Noah Webster House, West Hartford, Connecticut:
At 227 South Main Street is the birthplace of American lexicographer Noah Webster (1758-1853). The two and a half story wood-frame structure in the Colonial style is three bays wide with a large central chimney and entrance. An architectural survey in 2020 discovered evidence that the house was built circa 1720. Inside the main fireplace, “Daniel Webster’s” name was found etched into the masonry fireplace, which dated construction to between 1715-1720. Originally part of a 120-acre farm, the home later received a single-story brick addition, likely for a kitchen, and a wood-frame ell in the rear. In the 1970’s, the house was rehabilitated and a barn-shaped museum was added.

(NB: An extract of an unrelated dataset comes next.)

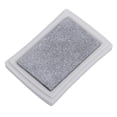 thumbnail image 3 of veasfak Ink Pad Stamp Pad Finger Print for Paper Crafts Scrapbooking Painting Birthday Silver, 3 of 9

Noah Webster was born here in 1758. His father mortgaged the family farm for Noah’s education at Yale College. After graduation, Noah returned home, became a teacher and started working in the field of lexicography. Webster published A Grammatical Institute of the English Language, otherwise known as the Blue Back Speller, in 1783. His goal was to provide a uniquely American, Christ-centered approach to training children. The book became a staple for parents and educators and helped create the most literate nation in history. Many of the Founding Fathers used this book to homeschool their children, including Benjamin Franklin who taught his granddaughter to read, spell, and pronounce words using “Old Blue Back.”

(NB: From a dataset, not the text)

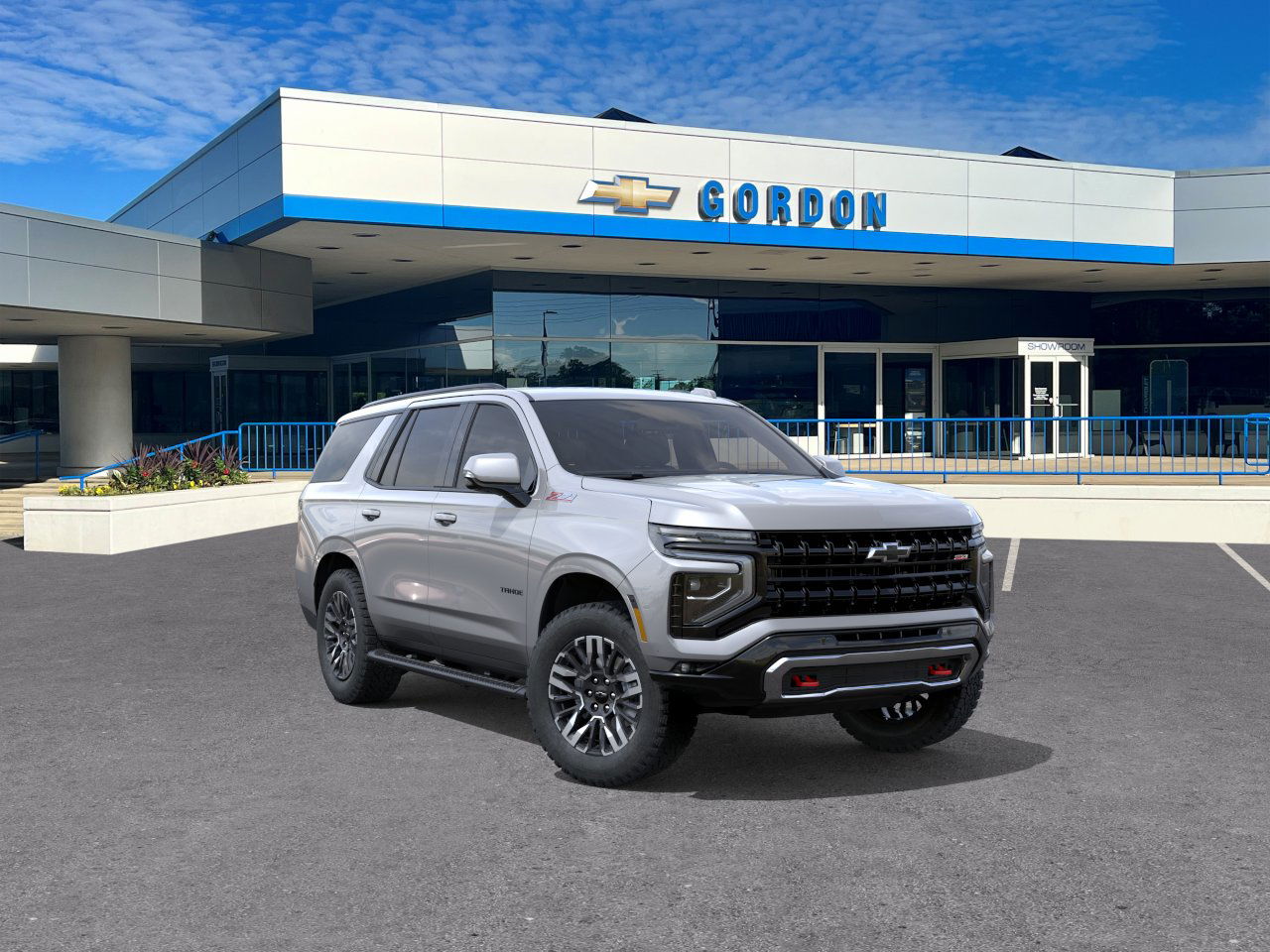 2026 Chevrolet Tahoe Z71's photo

Then Webster published his first attempt at creating a dictionary in 1806 with A Compendious Dictionary of the English Language. The following year, he began working on the Dictionary of the American Language, published in 1828 as the first comprehensive dictionary printed for distribution in the United States. Webster traced word roots in twenty-six languages and provided examples from classical literature and the Bible. Comprehensive introductions were presented for language and grammar. The book also emphasized the quality of a Biblical education for raising American statesmen capable of forming a constitutional republic. Though Webster’s Dictionary now has an honored place in American English, his first dictionary only sold 2,500 copies. He mortgaged his home to develop a new edition and would struggle with debt for the rest of his days. Webster died in 1843, and the rights to the dictionary were acquired by George and Charles Merriam.
The Noah Webster House served as a private residence for various owners until 1962 – the same year it became a National Historic Landmark. In 1966, it opened as a museum and as headquarters of the West Hartford Historical Society. Today, the house museum displays Webster-related items including his early works, his china and glassware, two clocks and his desk.